El mayor reto pedagógico que hoy afronta la ESPAC es continuar marcando el acento evangelizador del Concilio en materia de catequesis de adultos, reflejado en los criterios de la Conferencia de Aparecida y de acuerdo con las orientaciones que nos lleguen próximamente del Sínodo sobre Nueva Evangelización, celebrado en Roma el mes de octubre pasado. Se trataba de unificar criterios frente a un proceso personal y comunitario capaz de lograr que las personas, superada la etapa de la catequesis de iniciación a la fe, lleguen a ser sujetos activos y protagonistas de la fe en sus comunidades. Este paradigma exige que los catequistas entiendan y vivan todo aquello a lo que inician a otros; aquello por lo que ellos mismos optaron. El Itinerario de Catequesis Permanente exige definir formas nuevas de hacer catequesis. Pero, ¿cómo lograrlo? Respondiendo a los siguientes retos:

  • Replantear un paradigma catequístico iniciatorio, comunitario y misionero en el que estén más mezcladas las generaciones como lo están en la familia y en la sociedad, lo cual se da muy bien en el proceso comunitario de carácter catecumenal.
  • Tener en cuenta los aspectos antropológico-evolutivos y los teológico-pastorales, valiéndose de los aportes más actualizados de la pedagogía en lo concerniente a las diferentes edades, desde la catequesis de infancia hasta las etapas posteriores de la vida.
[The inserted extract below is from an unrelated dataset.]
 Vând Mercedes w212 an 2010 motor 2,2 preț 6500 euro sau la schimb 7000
  • Impulsar la vida litúrgica. Para que la liturgia llegue a ser activa y participativa, es necesario verla, oírla, gustarla y palparla; que la catequesis de iniciación culmine en una catequesis mistagógica sobre los signos y símbolos litúrgicos; hacer de la liturgia: terreno abonado de cultivo de la fe, meta de la catequesis e instrumento de la Nueva Evangelización.
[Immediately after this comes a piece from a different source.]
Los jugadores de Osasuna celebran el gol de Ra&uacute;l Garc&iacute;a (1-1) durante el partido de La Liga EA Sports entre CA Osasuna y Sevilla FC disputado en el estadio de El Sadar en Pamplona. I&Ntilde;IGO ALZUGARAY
  • Adoptar la pedagogía de la iniciación cristiana sabiendo quela iniciación al misterio cristiano no debe ocuparse tanto en enseñar o transmitir conocimientos, sino en experimentar la nueva vida en Cristo. La pedagogía de la iniciación debe fomentar la experiencia de la oración personal y comunitaria para ayudar a las personas a elaborar su propio proyecto de vida, en armonía con la Escritura, la Tradición y el Magisterio de la Iglesia.
  • Adoptar dos elementos de la catequesis permanente:

–  La comunidad cristiana y su función evangelizadora como ambiente vital o ecosistema de la iniciación a la fe, y

–  La necesidad de que los catequistas, realicen y vivan su proceso personal iniciático a lo largo de su procesos de formación. Ésto nos obliga a replantear el tema del lenguaje de la fe, a partir de lo que nos señale la Exhortación Pastoral post-sinodal sobre Nueva Evangelización.